The book adds a framing that will do quiet work for the rest of the consistency track. A memory model MC gives rules that partition executions into those obeying MC (MC executions) and those disobeying it (non-MC executions). That partition of executions in turn partitions implementations:

all executions of the programMC executionsobey the model’s rulesnon-MC executionsdisobey themMC implementationpermits only MC executionsnon-MC implementationsometimes permits non-MC executions

The model’s rules split executions; implementations are judged by which side of the split they can land on.

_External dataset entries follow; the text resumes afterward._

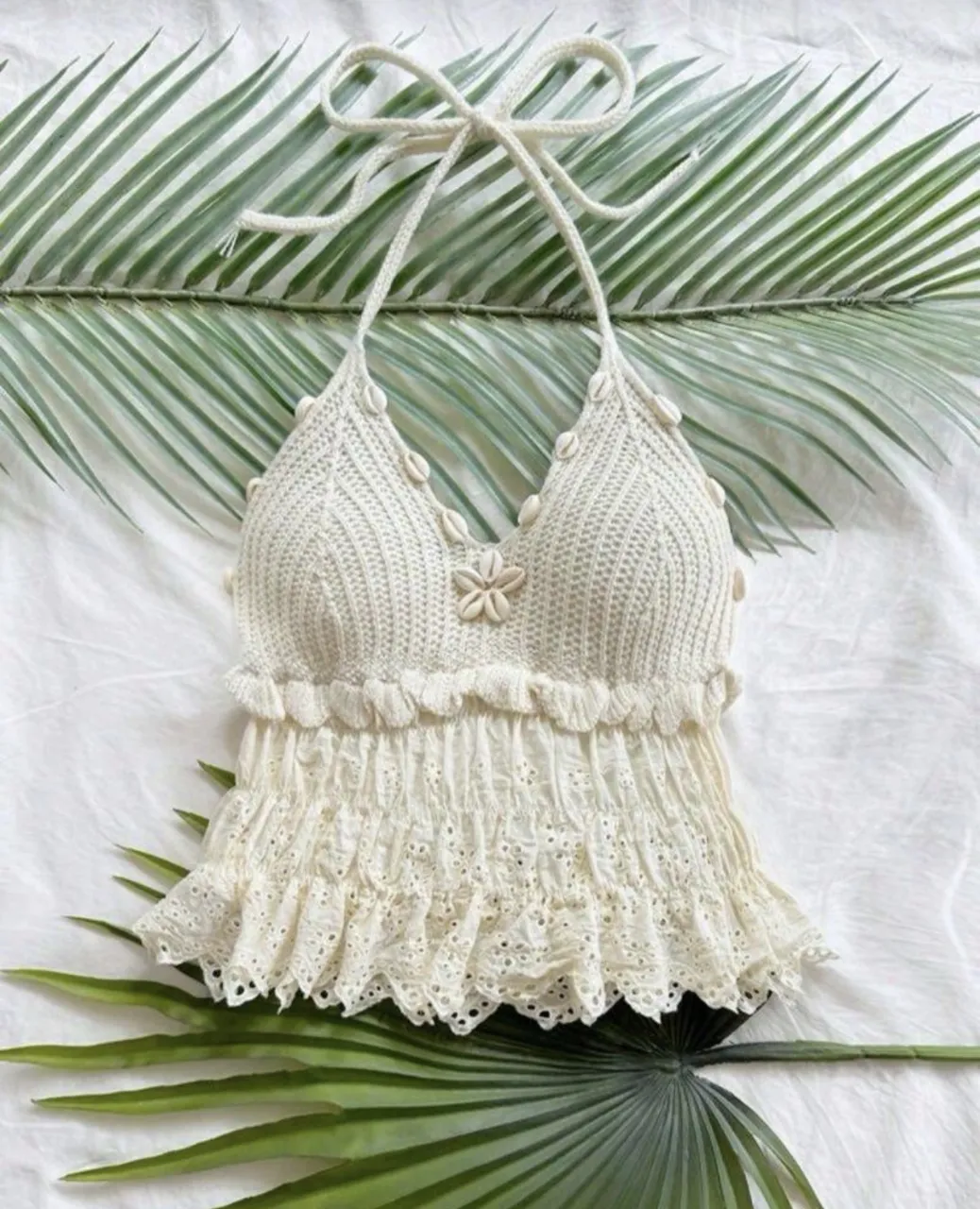 Top Importada - imagen 1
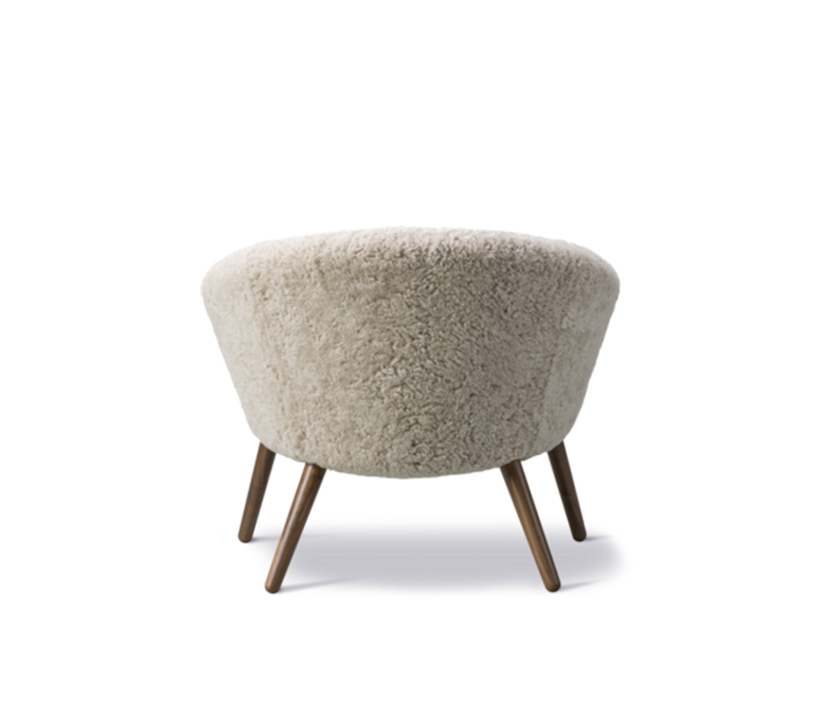 FAIR_Fredericia_Ditzel-Lounge-Chair_Gallery-3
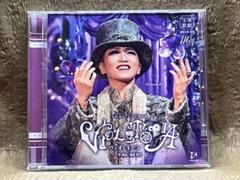 礼真琴　culmination history of songs CD Culmination Makoto REI-history of songs 2011～2025- 礼真琴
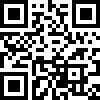 https://ha.abna24.com/xg5tS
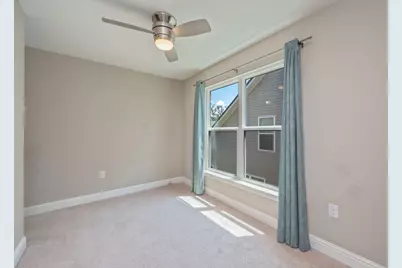 401 King Street, Niceville, FL 32578 - Photo 30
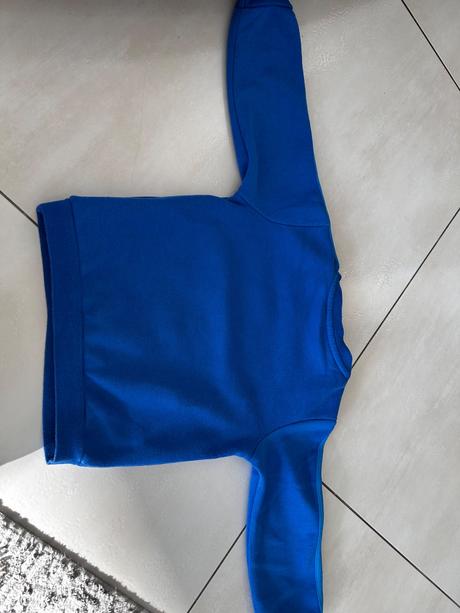 Adidas mikina, adidas,86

Two consequences worth pausing on:

  • An MC implementation need not permit every MC execution. The naive implementations coming in §3.6 permit very few SC executions — they are still SC implementations. Only permitting a forbidden execution disqualifies a system.
  • “Sometimes” is enough to disqualify: a non-MC implementation doesn’t produce forbidden behavior on every run — that’s what makes consistency bugs so miserable to find, and why chapter 11’s validation techniques exist.

The level of programming

One more scoping decision. A memory model could be defined at several levels of the stack; the book begins with executables in a hardware instruction set architecture, with memory accesses to locations identified by physical addresses (virtual memory and address translation are not considered). Chapter 5 will climb to high-level languages — where, for example, a compiler allocating a variable to a register affects the HLL memory model in much the same way hardware reordering of memory references affects the ISA model.

Check yourself

1.For a multithreaded program running with specific input data, what exactly does a memory consistency model specify?

2.What makes a system an "MC implementation" for a memory model MC?

3.At what level are memory models defined in this part of the book, and what analogous issue awaits at the high-level-language level?